Aku kaget, melihat teman-temanku yang muncul dari balik pintu, menynyikan lagu Happy Birthday dan membawa Bolu ulang tahun yang diatasnya di hiasi lilin-lilin kecil berjumlah 19. Ya, teman-teman masa kecilku yang aku rindukan, kini mereka ada di hadapanku.

“Hey! Ayo cepat tiup lilinnya! Kau tidak mau kan kalau bolunya terkena lelehan lilin-lilin ini?” kata Kika dengan wajah cemberutnya karena memegangi kue itu sedari tadi. ya, kelakuannya ternyata masih sama seperti dulu. Hahaha … aku tersenyum lalu hendak meniup lilin-lilin itu.

“Re, ucapkan permohonanmu dulu, baru tiup lilinya. Aduh bagaimana kamu ini? ckckck” ucap Deka padaku.

Aku menutup mataku, mengucapkan permohonan di dalam hatiku. Lalu ku tiup lilin-lilin di atas bolu itu.

“Terimakasih ya teman-teman, kalian masih ingat ulangtahunku, aku saja bahkan lupa kalau hari ini adalah hari ulangtahunku. Hehe…”

“Iya, sama-sama, Re. oiya, ngomong-ngomong, apa permintaanmu sebelum meniup lilin?” tanya Farel penasaran.

“Hmm, rahasia.” Jawabku singkat sambil tersenyum meledek.

“Oiya, makasih juga ya buat semuanya yang ada disini, terutama Mamah yang udah ngajak aku kesini, makasih Mam.” Lanjutku berterimakasih kepada semua yang ada di rumah ini. Mamah hanya membalas dengan senyumnya yang menawan.

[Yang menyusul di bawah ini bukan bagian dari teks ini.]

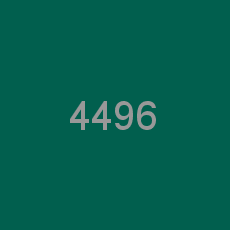 4496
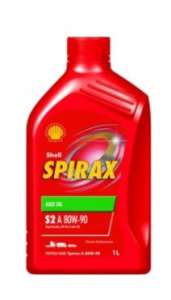 80W90 SPIRAX S2 A 1/1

Selanjutnya, mereka satu persatu memberikanku ucapan selamat ulangtahun kepadaku. Hari ini aku bahagia, sangat bahagia hingga sulit untuk diucapkan dengan kata-kata. Ini adalah ulang tahun yang terindah dari sekian banyak ulangtahun yang pernah dirayakan sebelumnya. Sangat berkesan.

Aku berharap, kebahagiaan dan kenangan di Desa Kenanga ini tidak hanya sampai disini. Tapi akan terus berlanjut besok, lusa, minggu depan, bulan depan, tahun depan, dan untuk selama-lamanya.